I’ve written occasionally about Lean efforts in government (see a list of posts here). There are formal Lean government efforts at varying levels of maturity and formality in a number of states, including Iowa, Jacksonville, Michigan, and Paul Akers’ LeanAmerica.org site. I’ll be doing a podcast with Paul sometime soon on this topic.
A white paper from The Boston Consulting Group (BCG) caught my eye and I don’t normally expect them to come across my radar. The paper is titled “More Than Lean: Raising the Quality of Public Services,” written by Agnes Audier, Ulrik Sanders, and Penelope Winslade, from Paris, Copenhagen, and Melbourne, respectively. A direct link to the PDF is here.
The paper makes some nice points about the people side of Lean that really should apply in any setting, but it’s weak on examples and real improvement data.
One thing I didn’t care for was their continual use of the phrase “lean optimization.” Unlike the mathematical optimization done in my Industrial Engineering roots, I don’t think of Lean as optimization at all. If anything, Lean is about making things better than they are today and always striving to get better, whereas optimization makes me think of sudden perfection, which isn’t typically possible in the real world.
The article stakes the claim that Lean in government should be good for all stakeholders: users, employees, and taxpayers. I make a similar argument about Lean healthcare being beneficial for patients, hospital staff and physicians, and the hospital itself. Lean has to benefit all, or it might be “L.A.M.E.” (or it might be just plain cost-cutting or suboptimization).
Some of you are probably already saying, “But government is different.” The BCG article admits as much but, as I’d argue with healthcare, Lean as a management strategy and philosophy can be applied in any setting where you have people and processes. And, no, I’m not suggesting we 5S people’s desks at the DMV.
The article points out three ways in which government is different (which I’m summarizing):
- The Equity Principle – rules and systems put in place in ensure fairness can make government processes slow and inflexible, government’s typically not rewarded for being innovative or individualizing services.
- Lack of Competition – This is pretty self explanatory, that many government services are a monopoly (although I’d add that people can vote with their feet and go to another city or another state)
- Perverse Incentives – Cost savings and efficiency improvements often lead to budget cuts as a “reward” (although this happens in industry, too)
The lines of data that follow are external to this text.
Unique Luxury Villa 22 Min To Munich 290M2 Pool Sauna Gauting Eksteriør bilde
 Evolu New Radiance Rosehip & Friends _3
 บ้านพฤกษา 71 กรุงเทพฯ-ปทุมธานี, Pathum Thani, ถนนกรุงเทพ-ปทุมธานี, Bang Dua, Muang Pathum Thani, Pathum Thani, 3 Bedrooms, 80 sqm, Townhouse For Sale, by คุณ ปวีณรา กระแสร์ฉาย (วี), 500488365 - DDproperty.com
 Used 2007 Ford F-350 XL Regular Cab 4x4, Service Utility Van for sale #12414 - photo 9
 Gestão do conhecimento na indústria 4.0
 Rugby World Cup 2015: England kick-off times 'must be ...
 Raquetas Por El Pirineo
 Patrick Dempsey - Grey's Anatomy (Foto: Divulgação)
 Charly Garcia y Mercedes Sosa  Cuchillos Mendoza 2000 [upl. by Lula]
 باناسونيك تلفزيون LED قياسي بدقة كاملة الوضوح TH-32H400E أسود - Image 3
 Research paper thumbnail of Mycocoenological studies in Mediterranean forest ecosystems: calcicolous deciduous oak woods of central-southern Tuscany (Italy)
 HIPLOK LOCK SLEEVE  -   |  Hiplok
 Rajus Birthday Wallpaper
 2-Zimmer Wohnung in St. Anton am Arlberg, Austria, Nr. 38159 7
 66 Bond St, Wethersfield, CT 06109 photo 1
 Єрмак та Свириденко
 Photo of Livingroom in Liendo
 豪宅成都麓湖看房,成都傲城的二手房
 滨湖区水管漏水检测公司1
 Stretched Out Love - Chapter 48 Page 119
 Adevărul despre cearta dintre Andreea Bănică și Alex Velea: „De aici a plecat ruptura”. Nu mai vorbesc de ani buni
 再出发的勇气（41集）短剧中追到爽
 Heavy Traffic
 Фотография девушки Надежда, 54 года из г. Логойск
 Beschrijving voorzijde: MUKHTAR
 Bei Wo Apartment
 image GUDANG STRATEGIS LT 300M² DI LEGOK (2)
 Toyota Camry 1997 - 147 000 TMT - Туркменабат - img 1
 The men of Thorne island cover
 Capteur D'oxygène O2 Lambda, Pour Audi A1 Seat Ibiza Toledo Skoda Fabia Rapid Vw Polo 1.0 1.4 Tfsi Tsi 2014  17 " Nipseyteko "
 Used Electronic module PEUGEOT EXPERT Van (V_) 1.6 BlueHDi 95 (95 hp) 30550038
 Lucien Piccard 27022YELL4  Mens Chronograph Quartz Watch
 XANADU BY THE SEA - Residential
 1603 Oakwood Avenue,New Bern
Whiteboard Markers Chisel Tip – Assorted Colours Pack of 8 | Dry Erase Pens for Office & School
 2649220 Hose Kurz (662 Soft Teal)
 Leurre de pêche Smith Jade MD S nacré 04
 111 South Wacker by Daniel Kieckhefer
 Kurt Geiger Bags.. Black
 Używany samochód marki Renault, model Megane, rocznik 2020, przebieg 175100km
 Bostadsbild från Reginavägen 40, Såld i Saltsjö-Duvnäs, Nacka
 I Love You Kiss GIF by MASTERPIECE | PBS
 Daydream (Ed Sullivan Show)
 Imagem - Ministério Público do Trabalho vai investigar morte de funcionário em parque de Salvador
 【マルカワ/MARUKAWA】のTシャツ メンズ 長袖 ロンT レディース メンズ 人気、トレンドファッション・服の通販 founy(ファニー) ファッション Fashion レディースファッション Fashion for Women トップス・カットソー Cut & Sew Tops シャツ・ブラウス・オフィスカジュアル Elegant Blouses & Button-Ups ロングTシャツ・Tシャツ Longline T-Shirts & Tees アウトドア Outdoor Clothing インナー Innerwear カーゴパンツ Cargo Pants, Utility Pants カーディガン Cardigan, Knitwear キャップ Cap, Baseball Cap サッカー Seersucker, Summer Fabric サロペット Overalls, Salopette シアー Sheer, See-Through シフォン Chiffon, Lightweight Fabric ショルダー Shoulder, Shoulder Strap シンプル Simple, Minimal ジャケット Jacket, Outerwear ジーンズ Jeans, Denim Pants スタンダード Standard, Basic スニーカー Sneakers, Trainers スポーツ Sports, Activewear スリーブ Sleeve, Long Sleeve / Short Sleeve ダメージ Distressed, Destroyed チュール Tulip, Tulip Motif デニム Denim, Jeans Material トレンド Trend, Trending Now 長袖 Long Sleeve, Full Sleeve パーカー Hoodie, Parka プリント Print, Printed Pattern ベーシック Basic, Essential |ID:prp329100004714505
BCG’s conclusion is these factors “add to the complexity of lean strategies” rather than leading to a conclusion that Lean doesn’t apply. The same thing about complexity can be said about healthcare. Yes, healthcare is complex and different, but Lean works.
BCG emphasizes something that I’d hope would be obvious to Lean practitioners – you have to involve everyone and you have to involve the people doing the work. This apparently isn’t obvious to leaders who typically read consulting firm white papers.
From the article, forgiving the “lean optimization” term:
“it is essential with lean optimization to show from the start that the organization is prepared to support the staff and give them the power to find and implement solutions.”
I’m not really on board, though, with their statement that incentives and performance management systems are really necessary. Targets would likely cause dysfunction – that’s why I’d prefer to rely on intrinsic motivation and the goal to make one’s work easier than arbitrary goals and targets (see the Deming literature and Daniel Pink’s book Drive: The Surprising Truth About What Motivates Us on this).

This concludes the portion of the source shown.